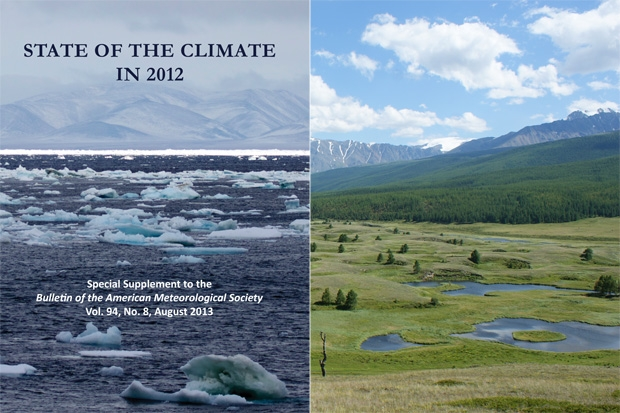 Wrangel Island, Chukchi Sea, in the early morning (left). Trees take hold as permafrost thaws near the Altai Mountains in Russia (right). These photos are from the covers of the 2012 State of the Climate Report, edited by scientists from NOAA's National Climatic Data Center and published in the Bulletin of the American Meteorological Society. Photo: Kate Stafford and Sergey Kirpotin / Tomsk State University / Terry Callaghan / EU-Interact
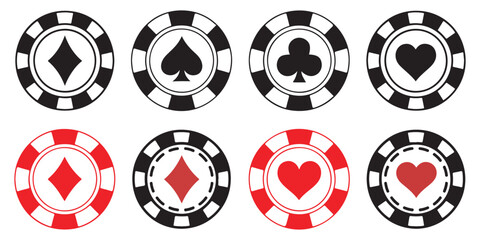 Poker chips black icons vector set. Playing poker concept. Isolated Casino poker chip logo. Poker symbols. Vector illustration.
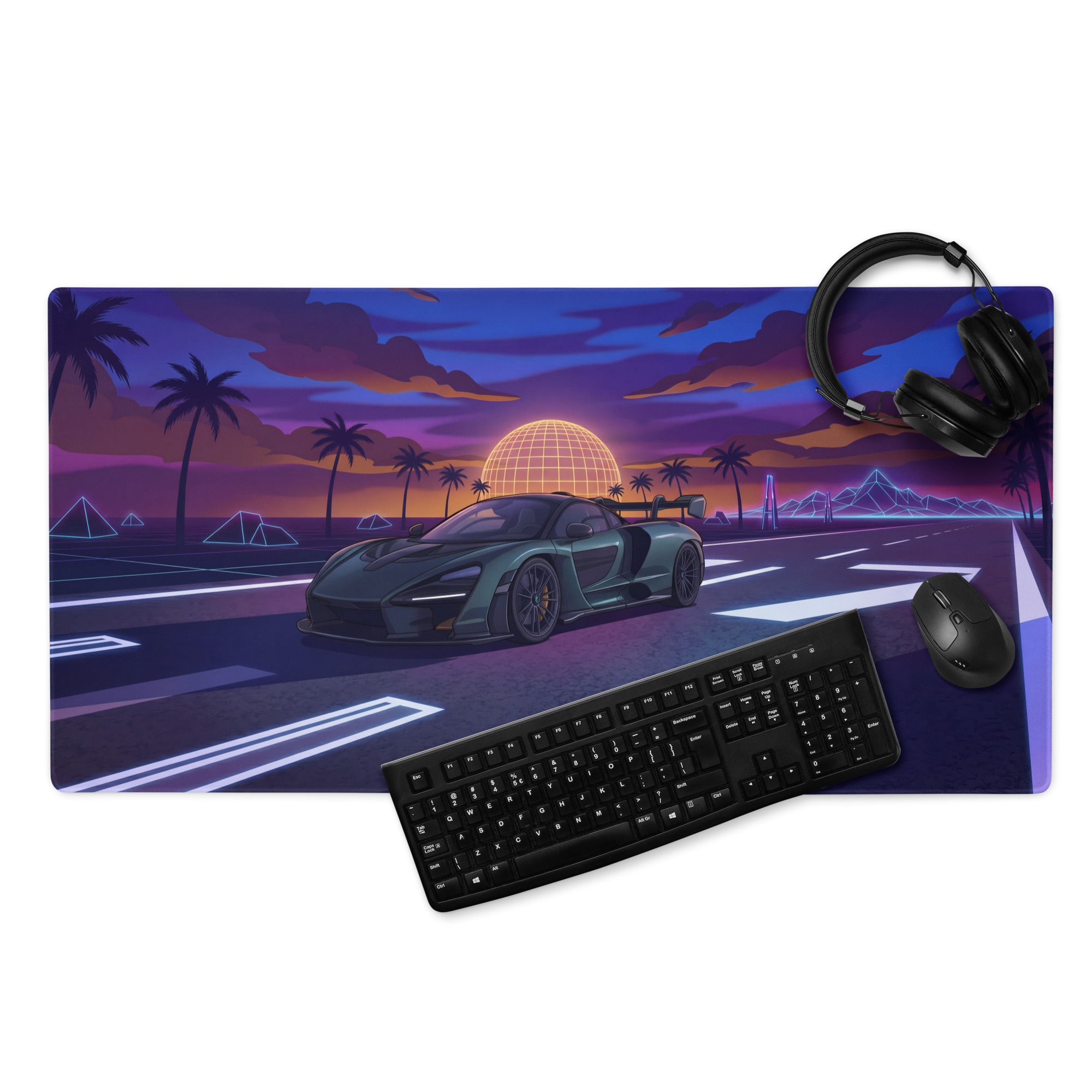 McLaren Senna Inspired Black Purple Vaporwave Gaming Mouse Pad – Neon Palm Highway Desk Mat with Retro Futuristic Synthwave Sunset Art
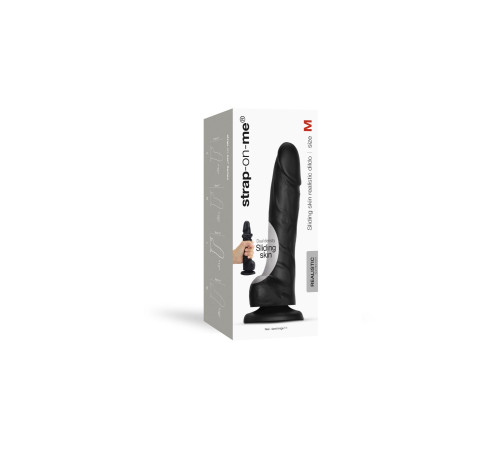 Реалістичний фалоімітатор Strap-On-Me Sliding Realistic Skin Dildo Black M, ефект рухливої шкіри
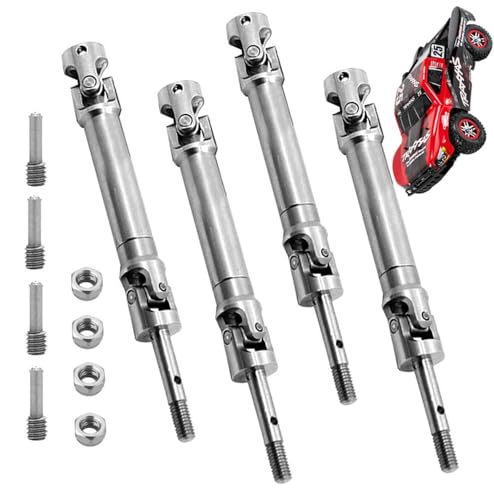 4Pcs Metal Stainless Steel Drive Shaft CVD for 1/10 Slash Rustler Stampede VXL 4X4 4WD RC Car Upgrade Parts(Silver)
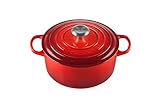 Le Creuset Signature Gusseisen-Bräter mit Deckel, Ø 24 cm, Rund, Für alle Herdarten und Induktion geeignet, Volumen: 4,2 l, 4,305 kg, Kirschrot, 21177240602430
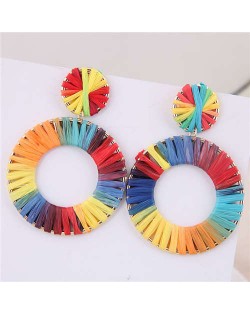 Rainbow Colors Weaving Design Bold Fashion Alloy Women Statement Earrings - Round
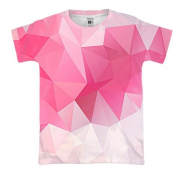 3D футболка с розовыми полигонами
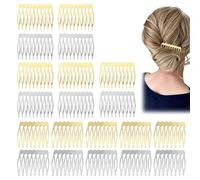 20 Pezzi Pettini Laterali in Metallo 10 & 8 Denti, pettinini per Velo, Lato per Capelli per Capelli da Donna Francese con Denti per Accessori per Capelli con Clip per Chignon Argentato & Oro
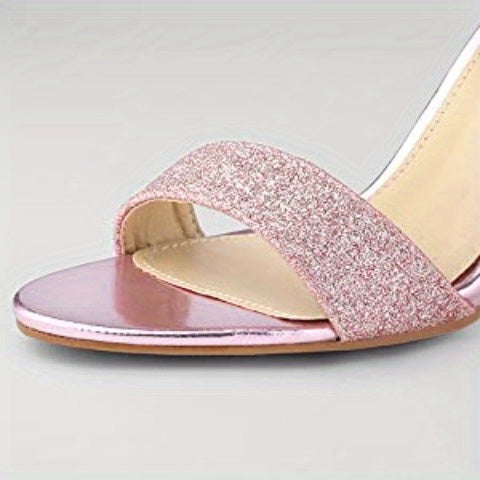 Women'S Glitter Ankle Strap Stiletto High Heel Sandals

**What is being asked**: Could you output the listing word for word, omitting every picture?

**Final answer**:
 Wrangel Island, Chukchi Sea, in the early morning (left). Trees take hold as permafrost thaws near the Altai Mountains in Russia (right). These photos are from the covers of the 2012 State of the Climate Report, edited by scientists from NOAA's National Climatic Data Center and published in the Bulletin of the American Meteorological Society. Photo: Kate Stafford and Sergey Kirpotin / Tomsk State University / Terry Callaghan / EU-Interact
 Poker chips black icons vector set. Playing poker concept. Isolated Casino poker chip logo. Poker symbols. Vector illustration.
 McLaren Senna Inspired Black Purple Vaporwave Gaming Mouse Pad – Neon Palm Highway Desk Mat with Retro Futuristic Synthwave Sunset Art
 Реалістичний фалоімітатор Strap-On-Me Sliding Realistic Skin Dildo Black M, ефект рухливої шкіри
 4Pcs Metal Stainless Steel Drive Shaft CVD for 1/10 Slash Rustler Stampede VXL 4X4 4WD RC Car Upgrade Parts(Silver)
 Le Creuset Signature Gusseisen-Bräter mit Deckel, Ø 24 cm, Rund, Für alle Herdarten und Induktion geeignet, Volumen: 4,2 l, 4,305 kg, Kirschrot, 21177240602430
 Rainbow Colors Weaving Design Bold Fashion Alloy Women Statement Earrings - Round
 3D футболка с розовыми полигонами
 20 Pezzi Pettini Laterali in Metallo 10 & 8 Denti, pettinini per Velo, Lato per Capelli per Capelli da Donna Francese con Denti per Accessori per Capelli con Clip per Chignon Argentato & Oro
 Women'S Glitter Ankle Strap Stiletto High Heel Sandals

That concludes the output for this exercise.